Not quite sure why the person reporting to be a GP is getting so much flack, quite correct advice. They're not in a consultation now so can be more direct in speech, the information would presumably be delivered not quite so bluntly when talking through these plans with most patients.

Using strong painkillers for flair ups/at the point of illness or injury is a sensible approach and good to have some available. Taking them daily for a chronic 'normal' level of pain just doesn't work, it's just feeding dependency, misery and an early death. But people can't see this in themselves and believe it does because they're feeding the dependency, it's much easier to see from the outside. I'm not a GP but do shared working at a practice, it's really really common for patients to die due to these drugs and I see the genuine distress when another one dies they've been trying to get to come down off the medications they've historically been prescribed. It's not some rarity that only happens to homeless drug addict stereotypes.

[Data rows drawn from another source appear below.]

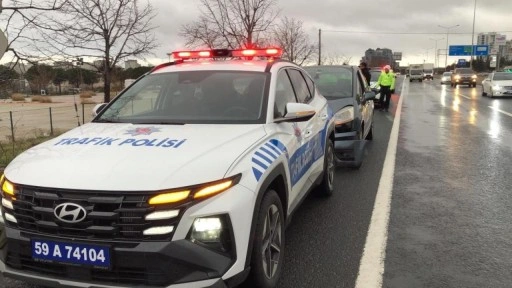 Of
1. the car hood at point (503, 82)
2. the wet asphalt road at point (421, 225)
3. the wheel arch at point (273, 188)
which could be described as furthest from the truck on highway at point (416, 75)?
the wheel arch at point (273, 188)

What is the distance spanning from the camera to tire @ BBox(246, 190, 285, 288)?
3.16 meters

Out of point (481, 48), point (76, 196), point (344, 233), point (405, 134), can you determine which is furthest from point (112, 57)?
point (481, 48)

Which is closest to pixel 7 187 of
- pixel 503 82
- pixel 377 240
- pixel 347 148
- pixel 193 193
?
pixel 193 193

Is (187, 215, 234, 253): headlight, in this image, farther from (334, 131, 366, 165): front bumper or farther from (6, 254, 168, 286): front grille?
(334, 131, 366, 165): front bumper

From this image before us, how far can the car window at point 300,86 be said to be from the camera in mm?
5179

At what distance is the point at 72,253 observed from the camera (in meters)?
2.77

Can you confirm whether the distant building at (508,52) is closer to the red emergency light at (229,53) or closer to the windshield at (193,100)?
the red emergency light at (229,53)

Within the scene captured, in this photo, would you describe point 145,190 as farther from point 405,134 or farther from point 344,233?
point 405,134

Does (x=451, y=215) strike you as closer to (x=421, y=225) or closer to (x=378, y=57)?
(x=421, y=225)

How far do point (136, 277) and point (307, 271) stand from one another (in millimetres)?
1600

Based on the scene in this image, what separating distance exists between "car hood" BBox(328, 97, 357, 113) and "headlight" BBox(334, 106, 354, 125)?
80 millimetres

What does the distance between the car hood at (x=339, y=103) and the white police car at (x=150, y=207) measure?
4.17 m

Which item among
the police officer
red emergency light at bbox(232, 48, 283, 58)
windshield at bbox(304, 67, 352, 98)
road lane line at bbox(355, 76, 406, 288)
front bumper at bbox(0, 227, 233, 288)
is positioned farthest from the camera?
the police officer

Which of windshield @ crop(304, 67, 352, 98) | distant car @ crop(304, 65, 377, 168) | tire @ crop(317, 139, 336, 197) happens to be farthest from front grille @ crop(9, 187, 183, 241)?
windshield @ crop(304, 67, 352, 98) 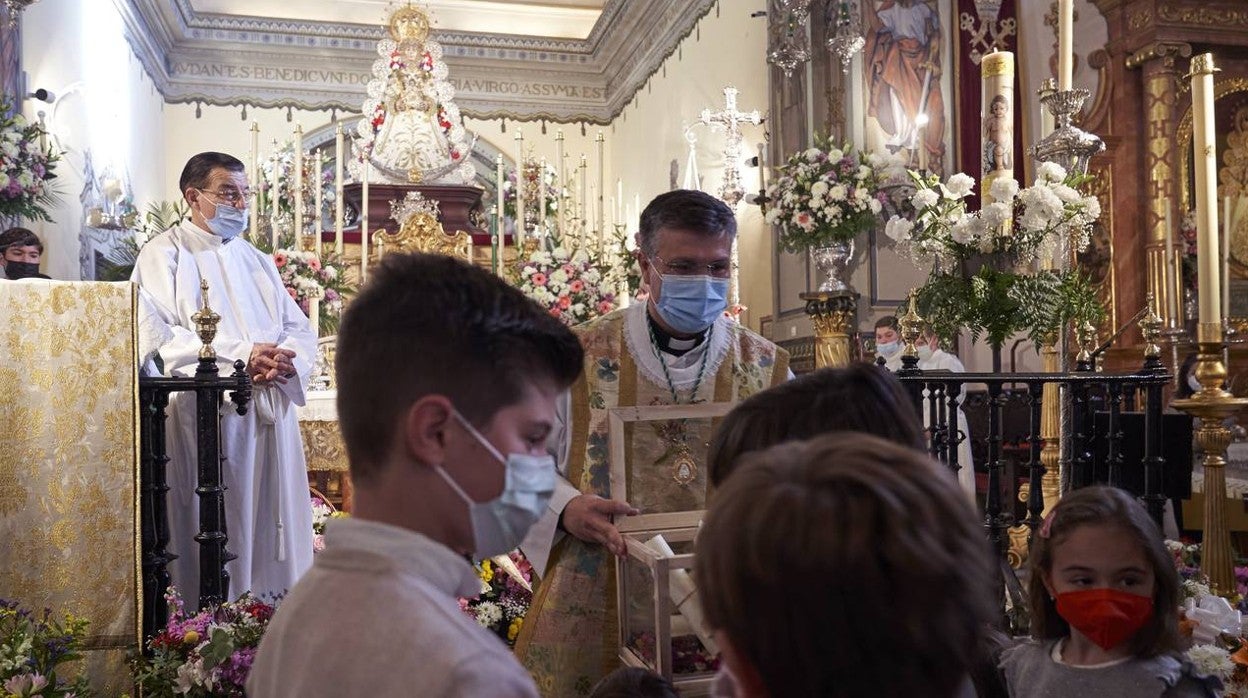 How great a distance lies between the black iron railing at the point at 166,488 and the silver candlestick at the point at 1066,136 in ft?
8.96

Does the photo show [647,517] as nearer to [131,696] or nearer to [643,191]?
[131,696]

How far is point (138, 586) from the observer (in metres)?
3.38

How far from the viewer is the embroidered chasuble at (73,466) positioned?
333cm

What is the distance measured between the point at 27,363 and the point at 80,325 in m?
0.18

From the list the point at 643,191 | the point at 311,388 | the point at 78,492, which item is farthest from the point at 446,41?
the point at 78,492

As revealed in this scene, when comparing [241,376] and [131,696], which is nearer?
[131,696]

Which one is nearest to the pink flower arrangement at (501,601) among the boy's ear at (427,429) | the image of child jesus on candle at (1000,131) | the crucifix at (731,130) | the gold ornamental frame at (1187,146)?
the image of child jesus on candle at (1000,131)

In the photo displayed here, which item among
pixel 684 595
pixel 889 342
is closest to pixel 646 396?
pixel 684 595

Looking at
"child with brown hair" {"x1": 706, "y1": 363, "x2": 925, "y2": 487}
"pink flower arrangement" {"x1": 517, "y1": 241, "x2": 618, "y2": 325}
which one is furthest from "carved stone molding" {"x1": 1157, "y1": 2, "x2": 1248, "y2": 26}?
"child with brown hair" {"x1": 706, "y1": 363, "x2": 925, "y2": 487}

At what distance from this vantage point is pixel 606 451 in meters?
2.55

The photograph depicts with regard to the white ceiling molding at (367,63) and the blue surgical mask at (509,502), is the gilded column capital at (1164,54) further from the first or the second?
the blue surgical mask at (509,502)

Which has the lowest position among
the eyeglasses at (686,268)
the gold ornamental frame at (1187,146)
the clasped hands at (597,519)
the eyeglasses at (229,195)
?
the clasped hands at (597,519)

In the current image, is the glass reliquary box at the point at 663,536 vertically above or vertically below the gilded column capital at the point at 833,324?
below

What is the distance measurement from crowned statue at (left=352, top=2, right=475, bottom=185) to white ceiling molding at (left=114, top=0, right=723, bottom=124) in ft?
10.0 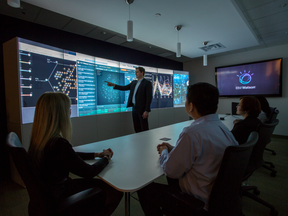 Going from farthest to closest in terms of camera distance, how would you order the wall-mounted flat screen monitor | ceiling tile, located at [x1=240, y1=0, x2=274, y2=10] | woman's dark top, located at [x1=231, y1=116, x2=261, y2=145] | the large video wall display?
the wall-mounted flat screen monitor < ceiling tile, located at [x1=240, y1=0, x2=274, y2=10] < the large video wall display < woman's dark top, located at [x1=231, y1=116, x2=261, y2=145]

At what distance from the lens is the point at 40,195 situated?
73 cm

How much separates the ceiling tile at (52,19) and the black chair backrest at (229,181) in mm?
3619

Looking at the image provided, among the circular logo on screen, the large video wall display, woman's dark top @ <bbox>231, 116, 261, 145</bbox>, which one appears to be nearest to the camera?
woman's dark top @ <bbox>231, 116, 261, 145</bbox>

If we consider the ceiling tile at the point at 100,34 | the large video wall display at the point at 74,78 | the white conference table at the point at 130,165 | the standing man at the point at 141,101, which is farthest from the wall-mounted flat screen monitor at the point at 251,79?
the white conference table at the point at 130,165

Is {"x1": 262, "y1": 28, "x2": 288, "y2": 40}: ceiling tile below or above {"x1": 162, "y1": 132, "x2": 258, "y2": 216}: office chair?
above

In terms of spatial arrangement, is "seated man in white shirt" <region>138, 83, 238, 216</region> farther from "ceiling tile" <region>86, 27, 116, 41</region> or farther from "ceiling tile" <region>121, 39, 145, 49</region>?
"ceiling tile" <region>121, 39, 145, 49</region>

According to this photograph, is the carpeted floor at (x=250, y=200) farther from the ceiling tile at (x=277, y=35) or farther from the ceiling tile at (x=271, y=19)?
the ceiling tile at (x=277, y=35)

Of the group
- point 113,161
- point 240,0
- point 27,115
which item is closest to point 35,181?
point 113,161

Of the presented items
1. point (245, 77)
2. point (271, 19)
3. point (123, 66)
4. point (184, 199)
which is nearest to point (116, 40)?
point (123, 66)

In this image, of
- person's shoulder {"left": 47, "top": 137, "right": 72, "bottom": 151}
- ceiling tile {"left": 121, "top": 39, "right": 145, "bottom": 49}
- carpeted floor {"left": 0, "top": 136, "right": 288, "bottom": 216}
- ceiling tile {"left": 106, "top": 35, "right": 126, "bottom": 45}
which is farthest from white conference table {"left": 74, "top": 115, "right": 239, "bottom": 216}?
ceiling tile {"left": 121, "top": 39, "right": 145, "bottom": 49}

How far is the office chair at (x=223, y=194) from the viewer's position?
77 centimetres

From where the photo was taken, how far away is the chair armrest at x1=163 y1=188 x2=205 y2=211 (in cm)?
77

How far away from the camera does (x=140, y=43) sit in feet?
15.0

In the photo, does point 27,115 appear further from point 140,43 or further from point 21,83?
point 140,43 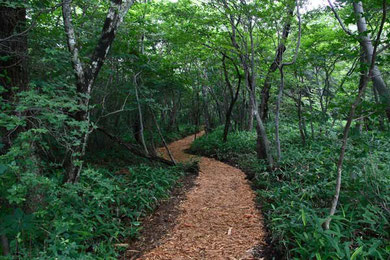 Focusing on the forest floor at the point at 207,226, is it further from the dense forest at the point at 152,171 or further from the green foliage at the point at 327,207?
the green foliage at the point at 327,207

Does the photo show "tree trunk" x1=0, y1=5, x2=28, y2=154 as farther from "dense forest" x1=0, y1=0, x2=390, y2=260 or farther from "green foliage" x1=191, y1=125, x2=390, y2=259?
"green foliage" x1=191, y1=125, x2=390, y2=259

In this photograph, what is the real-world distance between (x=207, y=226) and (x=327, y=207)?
1.93 metres

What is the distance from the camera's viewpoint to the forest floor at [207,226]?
11.1 ft

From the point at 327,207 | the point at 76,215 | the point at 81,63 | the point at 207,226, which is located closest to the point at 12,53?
the point at 81,63

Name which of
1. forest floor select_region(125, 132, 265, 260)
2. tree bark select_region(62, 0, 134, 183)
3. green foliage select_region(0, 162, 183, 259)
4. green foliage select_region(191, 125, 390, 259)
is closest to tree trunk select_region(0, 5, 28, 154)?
tree bark select_region(62, 0, 134, 183)

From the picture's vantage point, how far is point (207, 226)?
4.11m

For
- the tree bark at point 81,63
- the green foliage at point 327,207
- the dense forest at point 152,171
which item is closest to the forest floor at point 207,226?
the dense forest at point 152,171

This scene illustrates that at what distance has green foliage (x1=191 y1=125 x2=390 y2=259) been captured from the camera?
2.74m

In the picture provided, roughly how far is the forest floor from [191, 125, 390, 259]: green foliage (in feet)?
1.05

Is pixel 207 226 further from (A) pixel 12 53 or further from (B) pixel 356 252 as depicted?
(A) pixel 12 53

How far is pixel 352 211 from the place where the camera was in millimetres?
3324

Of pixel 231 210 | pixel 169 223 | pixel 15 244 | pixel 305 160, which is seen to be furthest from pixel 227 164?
pixel 15 244

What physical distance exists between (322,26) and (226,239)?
7.21m

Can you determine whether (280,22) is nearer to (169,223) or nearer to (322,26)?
(322,26) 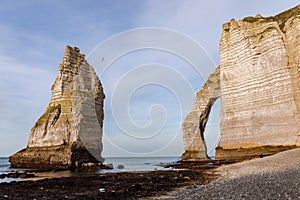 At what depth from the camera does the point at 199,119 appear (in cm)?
4856

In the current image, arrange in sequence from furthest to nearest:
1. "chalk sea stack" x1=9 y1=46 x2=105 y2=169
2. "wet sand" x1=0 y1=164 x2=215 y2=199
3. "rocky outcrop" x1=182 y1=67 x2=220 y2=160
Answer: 1. "rocky outcrop" x1=182 y1=67 x2=220 y2=160
2. "chalk sea stack" x1=9 y1=46 x2=105 y2=169
3. "wet sand" x1=0 y1=164 x2=215 y2=199

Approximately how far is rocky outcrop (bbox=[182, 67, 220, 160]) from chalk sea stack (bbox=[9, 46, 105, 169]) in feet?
50.0

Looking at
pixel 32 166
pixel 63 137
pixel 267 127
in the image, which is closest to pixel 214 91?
pixel 267 127

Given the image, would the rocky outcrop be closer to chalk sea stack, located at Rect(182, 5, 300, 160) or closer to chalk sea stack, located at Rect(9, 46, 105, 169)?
chalk sea stack, located at Rect(182, 5, 300, 160)

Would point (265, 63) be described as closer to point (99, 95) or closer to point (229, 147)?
point (229, 147)

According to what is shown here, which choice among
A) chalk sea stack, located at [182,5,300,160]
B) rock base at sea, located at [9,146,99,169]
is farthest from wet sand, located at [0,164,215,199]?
rock base at sea, located at [9,146,99,169]

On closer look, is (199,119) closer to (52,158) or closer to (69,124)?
(69,124)

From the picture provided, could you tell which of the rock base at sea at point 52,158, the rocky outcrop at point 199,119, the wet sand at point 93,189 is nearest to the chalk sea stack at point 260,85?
the rocky outcrop at point 199,119

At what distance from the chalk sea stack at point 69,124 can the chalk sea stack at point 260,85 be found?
18.0 metres

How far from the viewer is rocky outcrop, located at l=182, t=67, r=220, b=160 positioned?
47031mm

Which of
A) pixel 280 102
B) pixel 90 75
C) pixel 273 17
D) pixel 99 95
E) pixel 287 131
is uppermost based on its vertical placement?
pixel 273 17

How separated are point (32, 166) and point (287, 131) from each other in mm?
30237

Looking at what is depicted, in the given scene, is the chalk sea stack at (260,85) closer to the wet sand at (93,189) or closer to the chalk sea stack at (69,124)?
the wet sand at (93,189)

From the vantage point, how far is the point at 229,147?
35.8 m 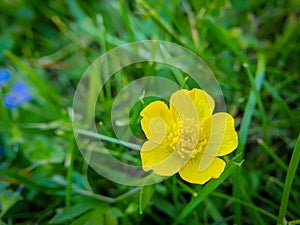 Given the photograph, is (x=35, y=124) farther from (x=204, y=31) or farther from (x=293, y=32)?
(x=293, y=32)

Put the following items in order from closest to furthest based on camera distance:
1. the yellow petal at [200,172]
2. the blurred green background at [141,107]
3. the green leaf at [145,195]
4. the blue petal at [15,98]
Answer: the yellow petal at [200,172]
the green leaf at [145,195]
the blurred green background at [141,107]
the blue petal at [15,98]

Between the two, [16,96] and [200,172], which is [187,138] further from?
[16,96]

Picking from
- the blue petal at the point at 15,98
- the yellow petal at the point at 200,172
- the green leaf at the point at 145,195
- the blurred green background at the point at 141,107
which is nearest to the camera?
the yellow petal at the point at 200,172

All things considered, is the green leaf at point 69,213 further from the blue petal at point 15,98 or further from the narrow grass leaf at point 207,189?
the blue petal at point 15,98

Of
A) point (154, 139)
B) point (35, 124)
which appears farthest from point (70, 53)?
point (154, 139)

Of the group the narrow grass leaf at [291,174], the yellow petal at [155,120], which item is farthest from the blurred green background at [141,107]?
the yellow petal at [155,120]

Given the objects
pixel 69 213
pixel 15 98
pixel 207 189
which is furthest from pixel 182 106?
pixel 15 98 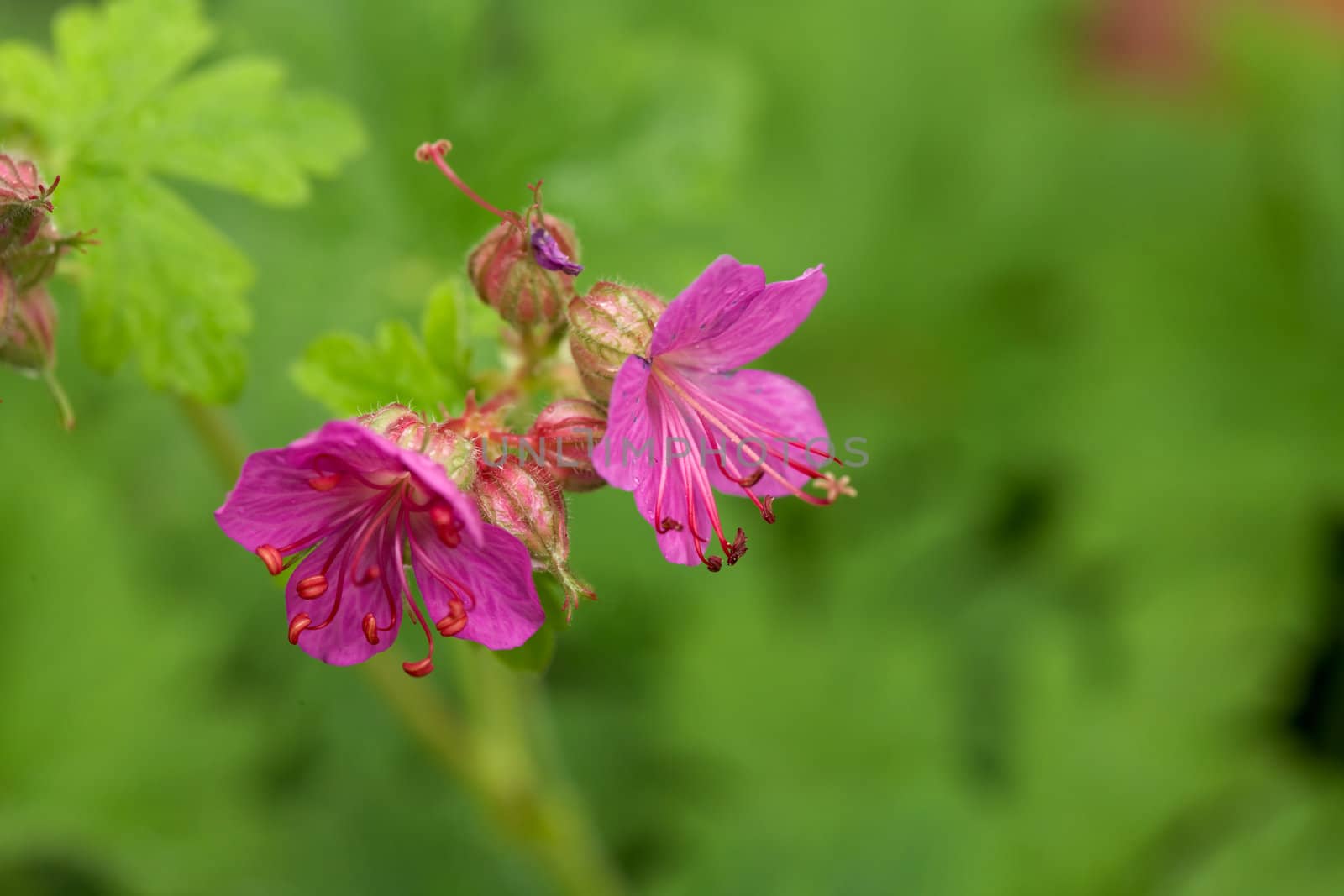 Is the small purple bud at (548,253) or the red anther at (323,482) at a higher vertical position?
the small purple bud at (548,253)

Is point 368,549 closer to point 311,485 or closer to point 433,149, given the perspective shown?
point 311,485

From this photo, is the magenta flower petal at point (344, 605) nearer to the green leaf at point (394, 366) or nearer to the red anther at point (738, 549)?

The evidence is clear and shows when people with debilitating chronic pain can access good pain clinics/therapy/physio/exercise programmes and stop the majority of the pain meds they'd previously insisted they needed to function that their quality of life massively improves and pain affects them much less.

However having access to all that is difficult, it's expensive, it takes time and effort from all involved, the services aren't available in all regions and this is a failing of the health service when the provision is not there.

It's very very easy to prescribe pills - consultation can be over in less than 5minutes, then stick it on repeats and rarely have to see them again, up the dose every when they call to report that it's no longer effective as they've grown tolerant, easy peasy. The GPs having the difficult conversations, trying to help people access pain clinics etc looking to tailor solutions, trying to best understand your pain and the exacerbating factors are not being lazy or poor, they're the ones who are thinking about your future and doing their best to help you have a good one.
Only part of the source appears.